Gladstone, who portrayed historical Osage Indian Murders survivor Mollie Kyle in Martin Scorsese’s latest cinematic tour de force, spoke to the topic of her non-standard pronoun usage during a January 2024 interview with People.
Asked about her preferences – which she proudly lists in her own Twitter bio – by the outlet’s Eric Andersson, Gladstone explained, “I remember being 9 years old and just being a little disheartened, seeing how often a lot of my boy cousins were misgendered because they wore their hair long.”
“It happens to a lot of kids, I think, especially Native boys leaving a community where long hair is celebrated [and then] just kind of getting teased for it,” the actress, who herself descends from the Blackfeet and Nez Perce tribes, detailed. “So I remember back then being like, everybody should just be they.”
Providing further insight into her ancestral reasoning behind her pronoun choices, Gladstone added, “And in most Native languages, most Indigenous languages, Blackfeet included, there are no gendered pronouns.
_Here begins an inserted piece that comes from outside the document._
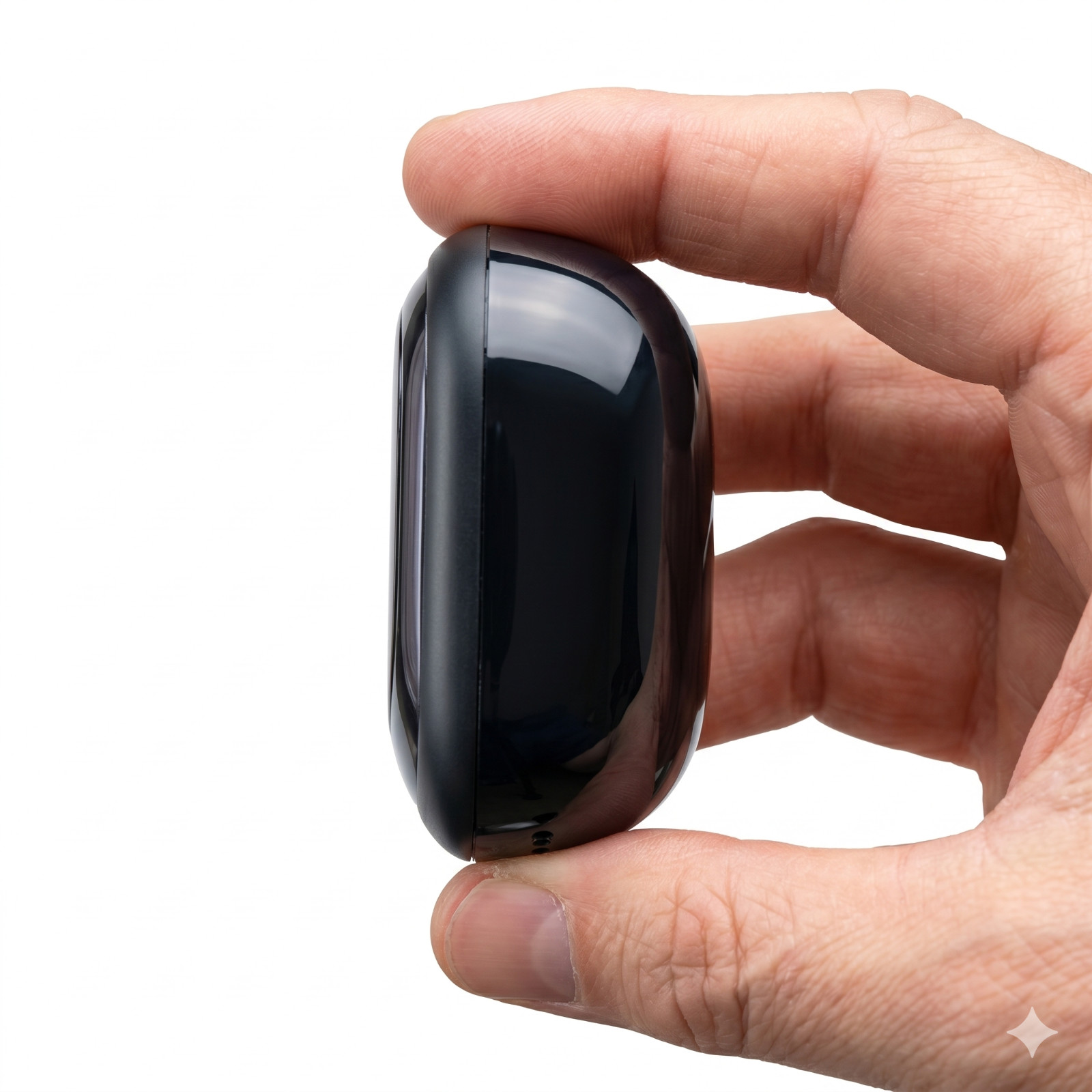 Apple Android AI Translation Earbuds Touch Screen Bluetooth Buy 1 Get 1 Free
There is no he/she, there’s only they.”
“It doesn’t happen as much anymore, but there’ve been several times in my life where I’ve been speaking to a northern Cheyenne-first language speaker [or another] Indigenous-first language speaker where they’ll accidentally misgender you when they’re talking to you,” said the Reservation Dogs actress. “And then they’ll get embarrassed about it, but it’s because they’ve learned English later.”
Gladstone continued, “So Blackfeet, we don’t have gendered pronouns, but our gender is implied in our name. But even that’s not binary.”
Noting that her grandfather’s Blackfeet name translated roughly into ‘Iron Woman’, she then recalled, “He had a name that had a woman’s name in it. I’d never met my grandfather. I wouldn’t say that he was nonbinary in gender, but he was given a woman’s name because he kind of carried himself, I guess, the way that women who have that name do.”
“And there were lots of women historically and still now who are given men’s names. They fulfill more of a man’s role in society as far as being provider, warrior, those sort of things,” the actress told her host. “So, yeah, my pronoun use is partly a way of decolonizing gender for myself.”
“[It’s a way of] embracing that when I’m in a group of ladies, I know that I’m a little bit different,” she elaborated. “When I’m in a group of men, I don’t feel like a man. I don’t feel [masculine] at all. I feel probably more feminine when I’m around other men.”
“In ceremony, a lot of times where you sit in the circle is a gendered thing,” Gladstone ultimately concluded. “I happen to sit in circles that are very embracing of all of our people. And I’ve seen people change where they sit in the circle based upon how they’re feeling that day.”